Until recently, those developers have focused on downtown Minneapolis and adjacent neighborhoods, but with parts of the city reaching saturation, attention is shifting to the suburbs, where the vacancy rate is as low as 1 to 2%.

Developers are also investing in areas along the periphery of both downtowns including northeast Minneapolis, where Mortenson is still putting the finishing touches on the Rafter. Though the building officially opened last week, leasing began earlier this year, said Brent Webb, development manager for Mortenson.

To differentiate the building from others that recently opened or are under construction, Webb outfitted the Rafter with art and architectural details by local artists.

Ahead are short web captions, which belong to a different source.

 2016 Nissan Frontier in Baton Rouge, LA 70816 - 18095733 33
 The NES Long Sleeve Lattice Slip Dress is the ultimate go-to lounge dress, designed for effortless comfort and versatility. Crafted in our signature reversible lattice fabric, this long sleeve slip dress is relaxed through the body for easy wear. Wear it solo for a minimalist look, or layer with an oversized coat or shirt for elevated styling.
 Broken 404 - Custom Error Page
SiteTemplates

Since the Rafter started preleasing in January, Webb said, more than 40 units are occupied and another 40 are leased. So far, Webb said, micro-studios at 417 to 442 square feet are the most popular to renters, along with two-bedroom, two-bathroom corner apartments like the one that Cevette recently rented. Monthly rents for the two-bedroom, two-bath units range from $2,575 to $3,935.

Though Cevette wasn’t offered any discounts or concessions, they are popping up at various buildings around the metro, especially in areas where there are several new buildings competing against one another and during the least popular rental times, especially fall and winter.

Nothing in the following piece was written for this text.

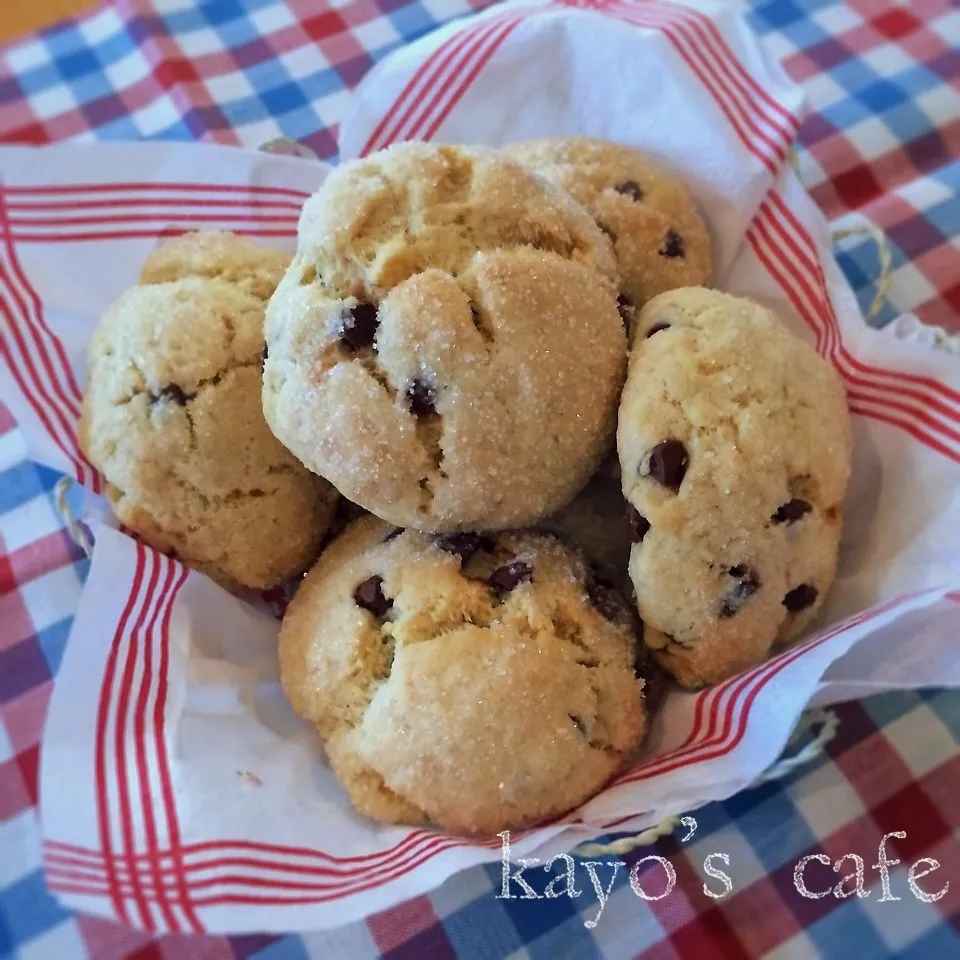 ホットケーキミックスで♪チョコチップメロンパン|kayopyさん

Wittenberg said that Marquette expects about 6,400 total new market-rate units to hit the market by the end of the year, most them during the last half of the year. Smaller, boutique-style buildings on infill lots are becoming increasingly common.

“We see demand from older millennials, Gen X and empty nesters who want to be urban, but not necessarily downtown, and many who prefer a somewhat smaller building,” he said.

Wittenberg said there are about 13,000 units in the pipeline for the next two years, coinciding with growing concerns about a possible recession and a recent weakness in the state’s job market that could eventually reduce demand for rentals.

“This hasn’t materialized yet,” said Wittenberg.

While job creation has clearly slowed, he said, there’s still a strong migration trend to the Twin Cities metro area from more expensive cities.

“With low unemployment locally, businesses are recruiting new hires from outside our market, and they are showing a strong tendency to rent when they get here,” he said.

According to a recent survey of the 60 U.S. metro areas by Yardi Matrix, a national real estate research firm, the average vacancy rate in the Twin Cities metro at the end of June was 3% — the lowest in the nation. The average rent increase, however, was only slightly above the national average at 4%.

Mary Bujold, president of Twin Cities-based Maxfield Research and Consulting, and other market watchers say that as supply increases and absorption rates in some submarkets slow, concessions might blunt the pain of rising rents over the next 12 to 18 months.

And while developers haven’t yet started bailing on proposed projects, incremental changes are underway. Lenders are being more cautious and developers are facing steep increases in construction costs that “keep coming in higher than anyone is prepared for,” she said.

In particular, the industry has been struggling with the impact of tariffs and the rising cost of commodities, including concrete and steel. Finished products also cost more. The latest Bureau of Labor Statistics report shows that during July, plumbing fixtures and fittings cost 6.5% more than last year and the price of furnaces and heaters was up 11%.

Those challenges are forcing some developers to re-evaluate their projects. Though Bader Development received approval to build two 26-story apartment towers with more than 700 units near Bde Maka Ska, formerly called Lake Calhoun, in south Minneapolis, last week it asked the city to reconfigure the project with the same number of units in just one tower to reduce construction costs.

Bujold said that despite a growing number of challenges, cheap borrowing costs will fuel more apartment construction as long as lenders are willing to lend.

“That concerns me a little about supply overheating the market,” she said.